# How long did your original 08 Madone tires last?



## andyaa (Mar 5, 2008)

Got my new 08 Madone 5.5 this year and have about 700 miles on it. Just got my first flat. The rear tire is worn, some, but doesn't look it needs replacing yet. I know there are a lot of factors involved that determine when to replace tires, just looking for what others have seen with these tires.


----------



## 08Madone5.2 (Dec 25, 2007)

1000 miles on my 5.2, tires are still pretty good. I don't think they need replacing until they are really flat across the shoulders - usually 2500 - 3000 miles. Of course, it all differs depending on ones riding, road conditions, etc...


----------



## JoeyBuck (Apr 2, 2008)

Personally, I am impressed with these tires so far. Having been a fan of Michelin Pro Race for years, they seem to resist cuts much better, ride as well and are just showing signs of wear.
Just might buy another set when these wear out.


----------



## zac (Aug 5, 2005)

Guys just be aware that there are two versions of the Bonty Race X Lite clincher tire. There is the standard, and the hard case (I think Bontrager calls it the AC). I am not sure which tire comes stock on the Madones.

I actually like the Bonty X Lites too. Over the last two years, I have probably gone through 10 of them. Some due to cutting (I did two in one ride! that was an expensive day, and they were brand frick'n new too.) But I would say I get close to 2-2.5k on a brand new rear, depends on season. On a front to rear swap, well over 3k. But I tend to ride them almost down to tread. Winter/Spring riding I usually kill the tire before the tread goes so, maybe 1-1.5k. Right now I am trying out the newer Conty GP 4000s and the Miche Pro3s.

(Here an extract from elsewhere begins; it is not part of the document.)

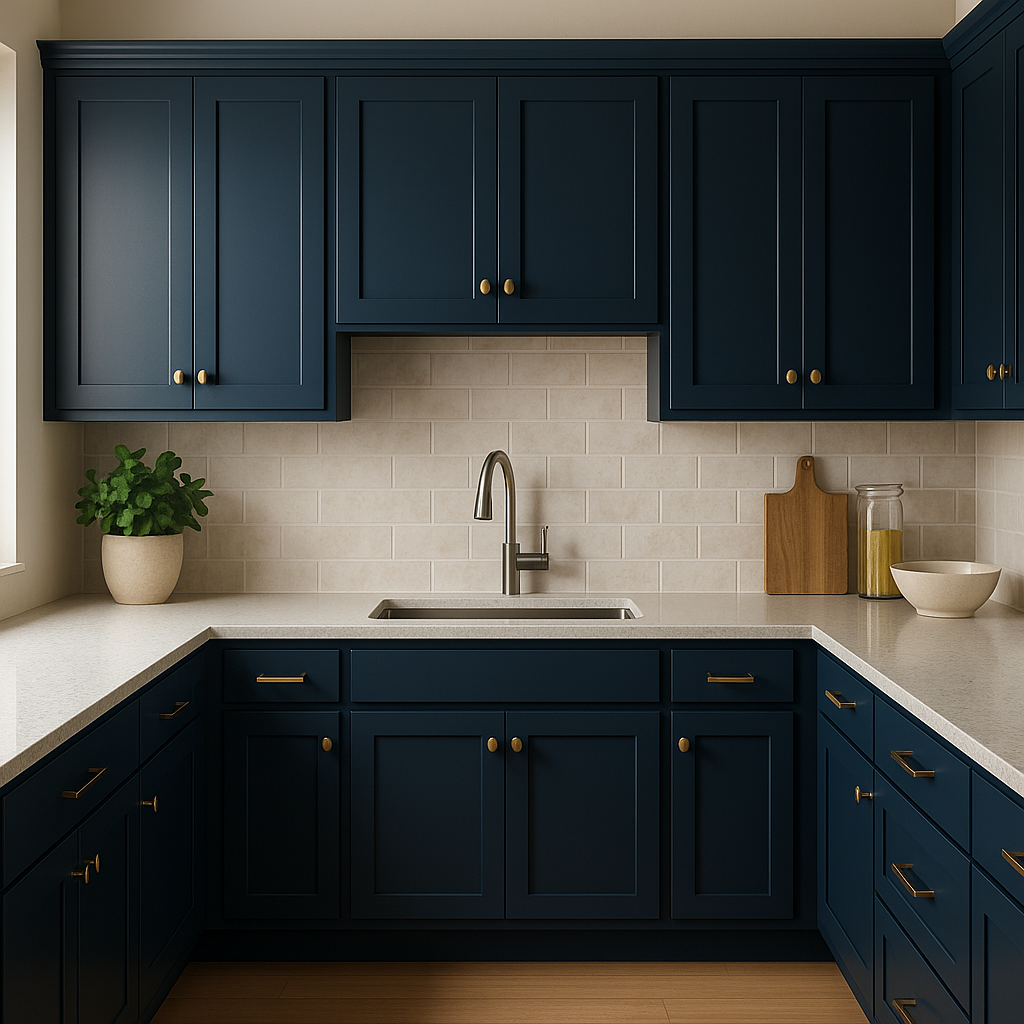 Benjamin Moore Symphony 2060-10: A Bold and Dramatic Statement for Your Space.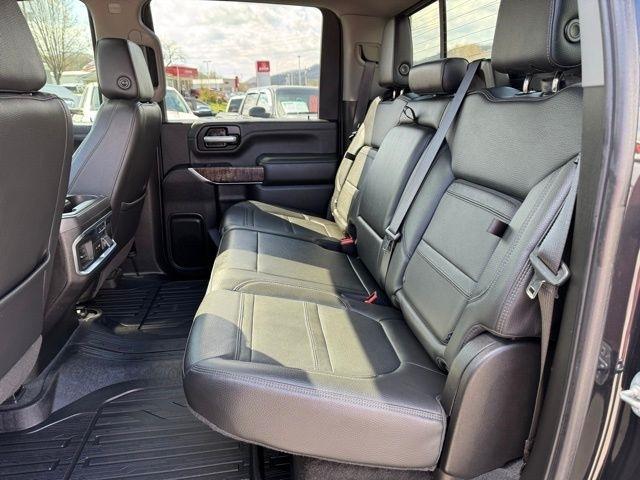 GMC Sierra 2500HD 4WD Crew Cab 159" Denali 2021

I would say that I spend more on tires than any other bike related item. And it was one of the reasons why after many, many years on tubulars, I finally switched over to clinchers full time. 

HTH
zac


----------



## smokey0066 (Mar 6, 2006)

i got a really bad cut after 150 miles on my 5.2.. replaced with gp4000


----------



## mtbdcd (Jul 7, 2002)

The X-lites that came on my 5.2, rear got about 3000 miles. Front going strong after 4000 with many more to go. These are much...... better x-lites than i tried a few years back.


----------



## nor_cal_rider (Dec 18, 2006)

I got about 2300 miles on the rear of my stock tires on my 5.2 before I needed to replace it. Now I have about 3800 miles and the front is showing wear and my rear is as well. I just picked up a set of CHEAP Conti "GP4000s" from my LBS to try out. If I don't like them, it'll only be a few months and I can think about the Pro Race 3's or maybe back to the Bonte's - and the LBS will always work something out to keep a happy customer.


----------



## andyaa (Mar 5, 2008)

I just replaced my tires at 1000 miles. They would have gone longer but I got a piece of glass in the back tire a couple of weeks ago. I put on a another couple of 100 miles after the cut but when inspecting the tire it looked risky so I decided to replace it. I put on 2 Bontrager X-lite AC red tires. I hope they last more than 1000 miles. And they sure look cool on my Madone 5.5 Standard with the red paint.


----------



## hendrick81 (Jun 8, 2008)

I got about 800 miles on my madone 4.5 and the tires still look great


----------